Cumpre sublinhar que há diferenciação na abordagem de Bonavides em comparação aos demais doutrinadores quanto a quarta dimensão que adveio do século XXI, referindo-se aos direitos da globalização política frente a globalização econômica, democracia, informação, para outra parte da doutrina, seriam os novos direitos em virtude de novas tecnologias como o direito de manipulação genética, biodireito e o cyberdireito.

Bonavides destacou que o direito a paz migrou da terceira dimensão para a quinta dimensão de direitos fundamentais, em contraponto ao seu entendimento pretérito. E, alguns doutrinadores exemplificam como o direito à felicidade, um direito da quinta dimensão.
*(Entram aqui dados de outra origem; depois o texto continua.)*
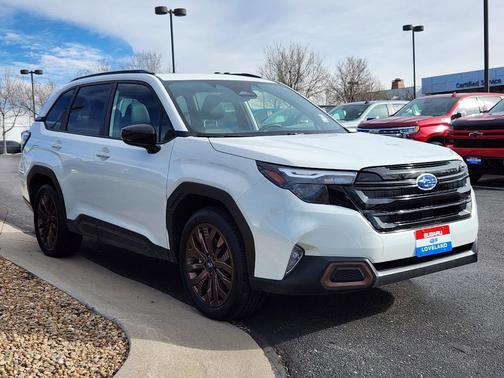 Crystal White Pearl 2025 Subaru Forester Sport
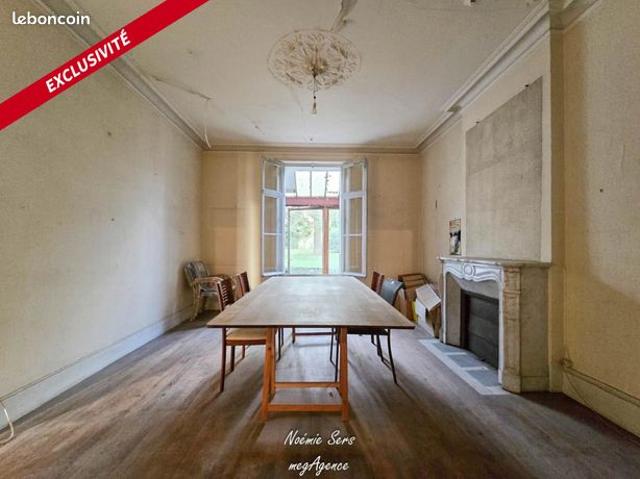 Propriété 11 pièces 223 m²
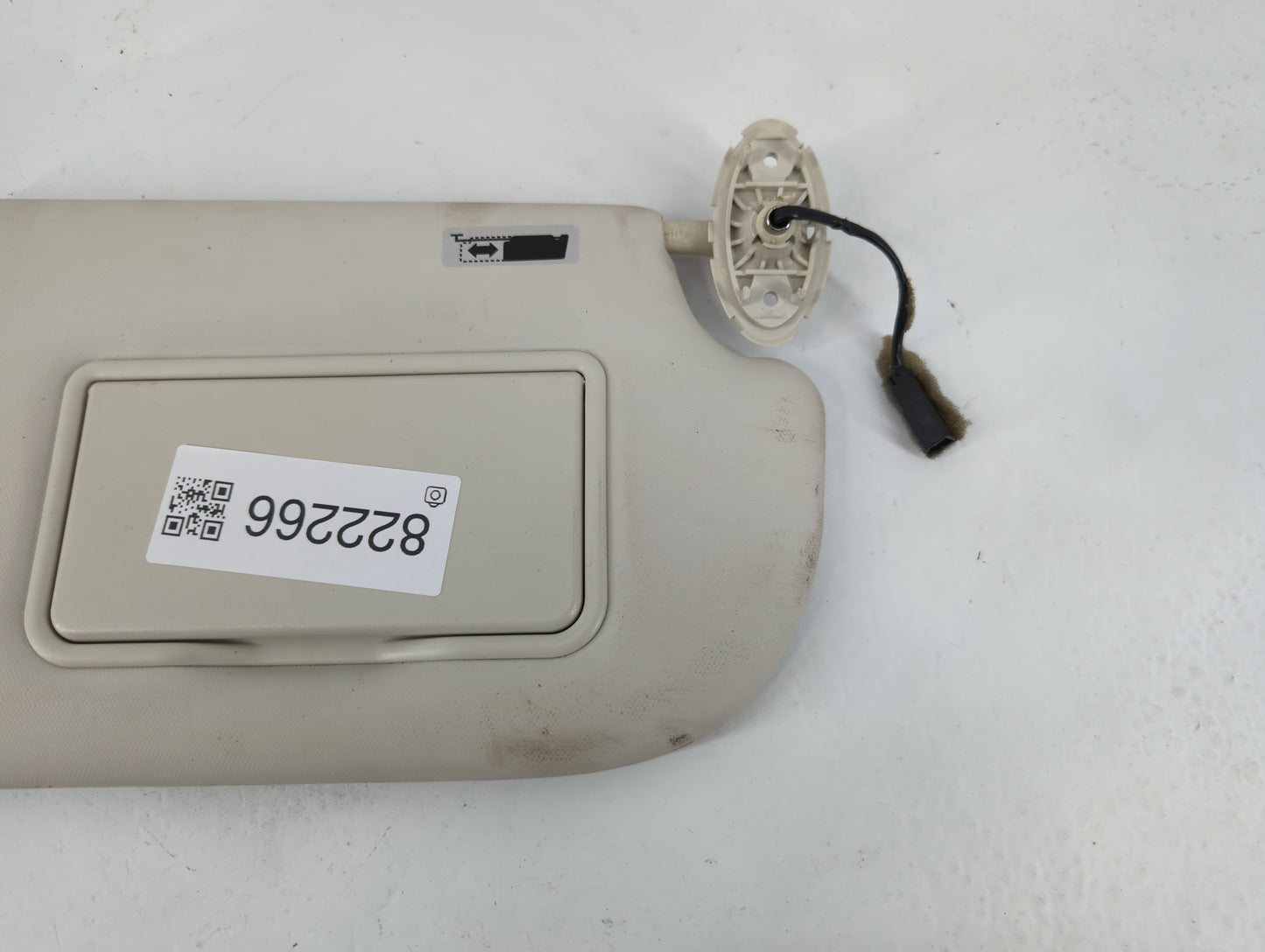 2013-2019 Ford Escape Sun Visor Shade Replacement Passenger Right Mirror Fits Fits 2013 2014 2015 2016 2017 2018 2019 OEM Us
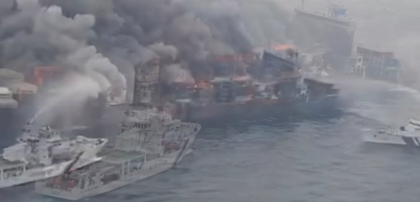 O navă care transporta 3.000 de mașini s-a scufundat în Pacific. Vasul ardea de la începutul lunii iunie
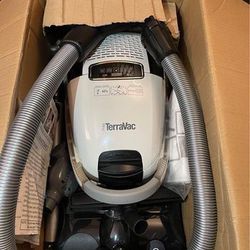 WHITE 5 SPEED PROLUX TERRAVAC VACUUM CLEANER WITH SEALED HEPA FILTER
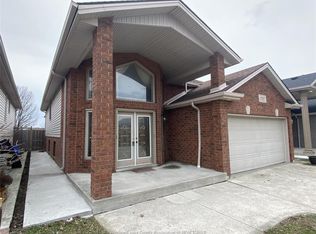 1517 Meridian St, Windsor, ON N9G 3E5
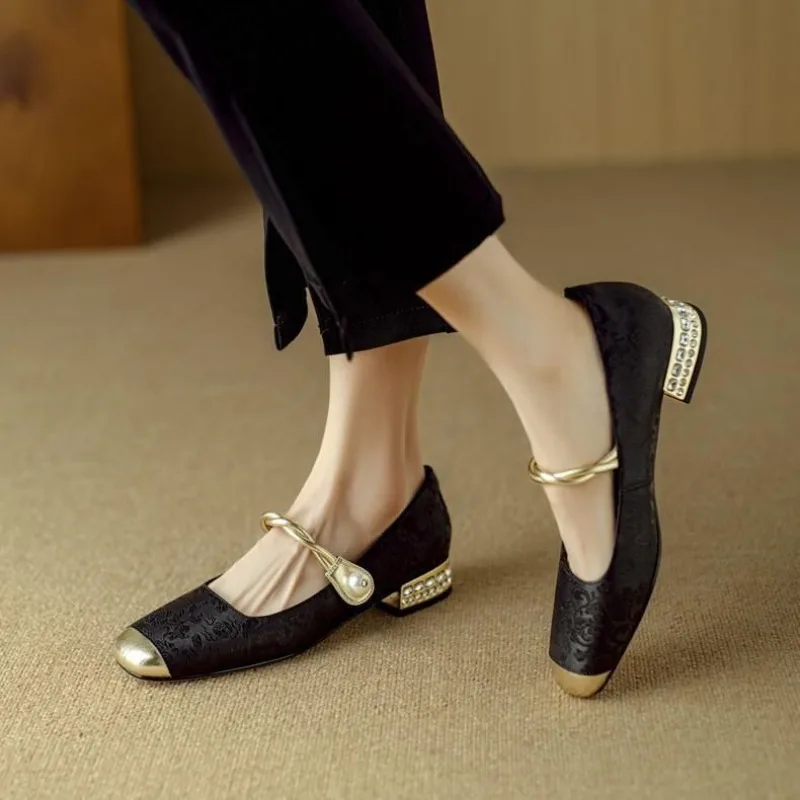Czółenka damskie na słupku, kw – Women Shoes Japanese Brand recenzja i cena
Porém, a corrente majoritária da doutrina pátria, reconhece somente até a quarta dimensão, o que para a maioria dos doutrinadores, referem-se aos novos direitos, as novas tecnologias, não sendo o entendimento de Paulo Bonavides.

Ad memoriam, o STF, em primo momentum, através do Ministro Celso de Mello, ainda na década de noventa, reconheceu três dimensões, e, inclusive relacionou estas dimensões aos cânones da Revolução Francesa, sendo a primeira dimensão ligada à liberdade, a segunda à igualdade e a terceira dimensão ligada à fraternidade.

No século XXI, o STF reconhece e afirma uma quarta dimensão de direitos, conduzida pelo Ministro Ricardo Lewandowski, que afirmou que tal dimensão se refere aos novos direitos em razão das novas tecnologias. O precedente é a Ação de Inconstitucionalidade 3510[10].

De fato, alguns doutrinadores desenvolveram crítica à teoria geracional, para estes, a ideia de geração seria inadequada, pois, o surgimento de uma geração eliminaria a geração anterior. Trata-se de crítica inadequada, afinal, os adeptos da teoria dimensional-geracional vão afirmar que diferentemente do senso comum, uma nova geração não elimina a geração anterior, tem-se um jogo de sucessiva adição e não de subtração.

Os direitos fundamentais por meio de sua construção histórica, compõem a dimensão subjetiva que determina que os indivíduos sejam dotados de faculdade de impor ações, ou omissões em face do Poder Público, relatando que os direitos fundamentais sejam oponíveis ao Poder Público, resultando nos direitos do indivíduo, frente ao Estado.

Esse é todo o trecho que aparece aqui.